In the 1930s, Hitler was dreaming of a great repressive empire, but Stalin actually controlled one. The Soviet state police, unlike any German institution at the time, was capable of massive and precise killing and deportation. In the Nazi mind, the obvious evidence of Soviet institutional capacity was explained away as a racial anomaly. Hitler and others imagined, anti-semitically, that the elimination of the Jews who, they believed, ran the regime would lead to the collapse of the Soviet state, since the Slavs and Asians who constituted the bulk of the Soviet population would be helpless animals without their clever Jewish leadership. Thus the dream of seizing the fertile soil of Soviet Ukraine (and oil from the Soviet Caucasus) seemed realistic when combined with the fantasy that the Soviet Union was a fragile Jewish state. No matter what actually happened in the Soviet Union, Nazi ideology could adapt it to this paradoxical view: the Soviet state was strong in its vast resources, but weak in its racially untenable regime.

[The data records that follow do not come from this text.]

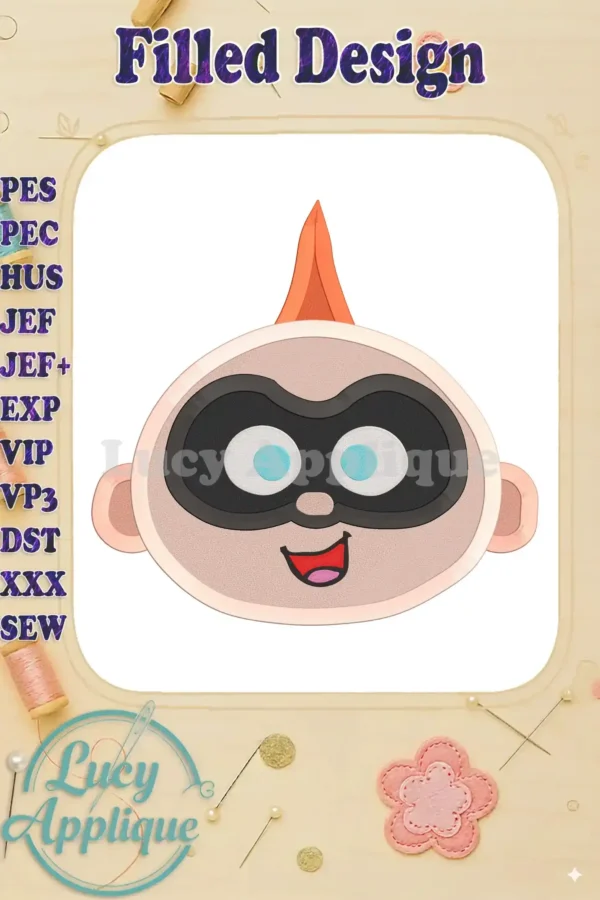 Embroidery design of Jack-Jack Parr from The Incredibles. A filled design showcasing his iconic features, with peach skin, black mask, and orange hair. Perfect for adding a fun, cartoonish touch to your projects.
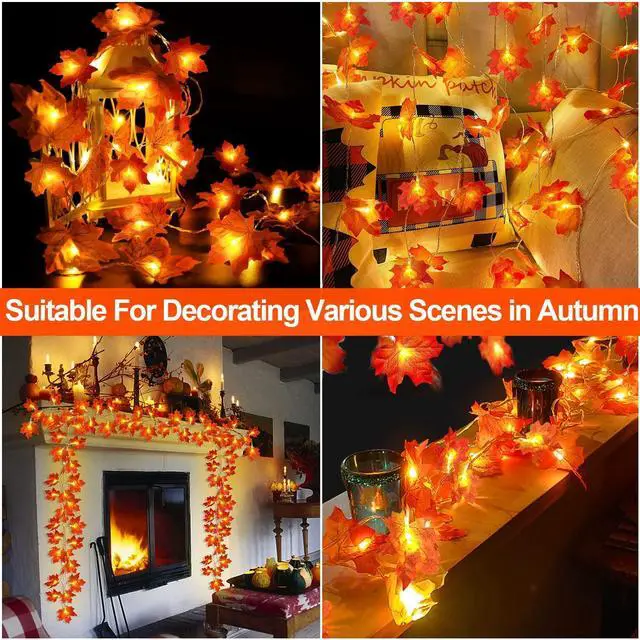 Alt view image 6 of 6 - Fall Decor 2 Pack Fall Garland with Lights Enlarged Maple Leaves 20Ft 40LED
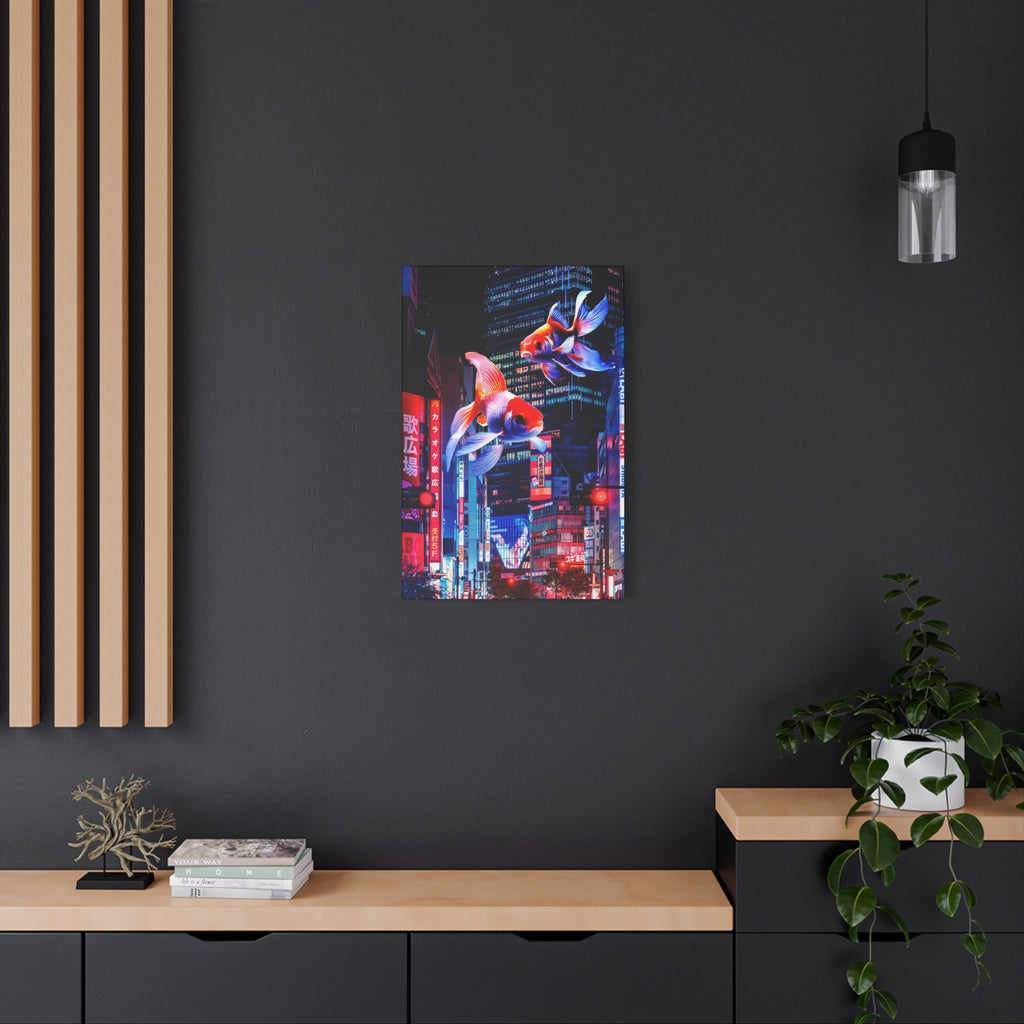 Japanese City Punk FX.2 Canvas Wall Art - Neon Japan Cyberpunk Street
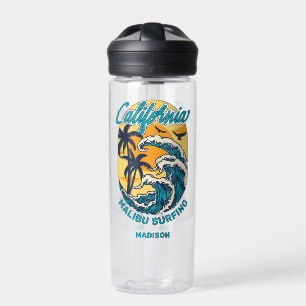 Individuelle Name / Text California Surfen Trinkflasche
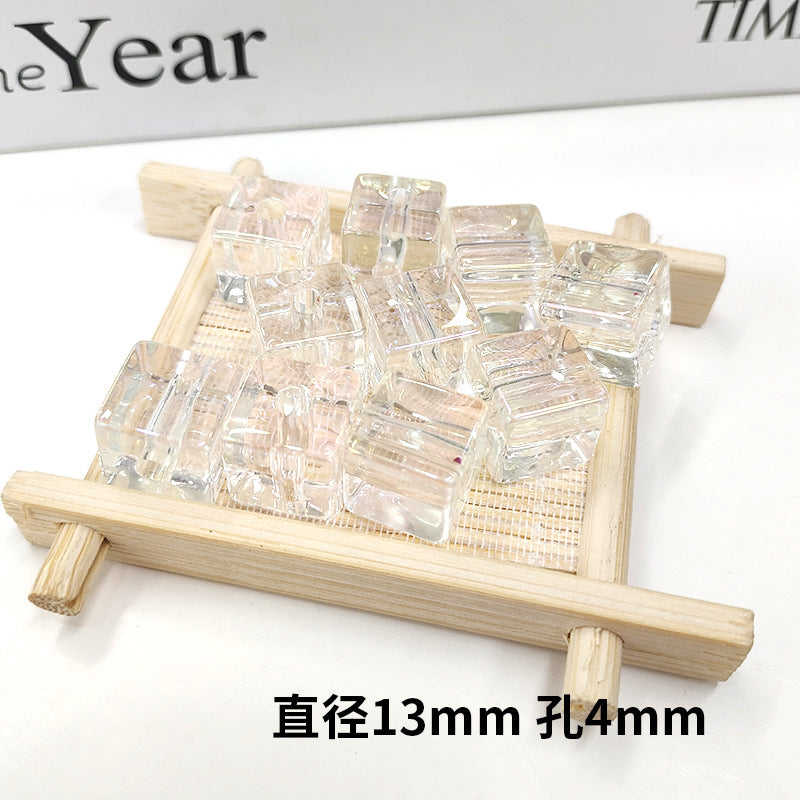 Wholesale 100PCS/Pack Colorful Transparent UV Square 13mm DIY Acrylic Beads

The most robust challenge to the Nazi notion of Soviet fragility was Stalinist modernisation, well under way when Hitler came to power in 1933. That year Stalin declared the completion of his first Five-Year Plan. Collective farming was introduced, millions of peasants had become workers, thousands of factories had been constructed, cities had become metropolises. Literacy rates were quickly increased, of key importance to a propaganda state. People in European countries bordering the Soviet Union, such as Poland, learned of the costs from the refugees: the starvation of at least six million Soviet peasants, most of them in Soviet Ukraine, and the creation of a vast system of concentration camps. In France and Spain, the Five-Year Plan could seem like a plausible alternative to capitalism. Germany was in the middle: here the Five-Year Plan was a subject of intense dispute. Germany's large Communist party was instructed by Moscow to follow a line of ‘class against class’, in part because a fierce but fruitful class struggle was the Soviet explanation of how the deaths of millions of Soviet citizens was a step towards utopia. According to this line, German Communists were to treat German socialists as class enemies, as ‘social fascists’, rather than as allies against Hitler. Without the ideological obstinacy of the Communists, which frightened German voters, and without the fragmentation on the German Left, Hitler would have had greater difficulties in winning elections.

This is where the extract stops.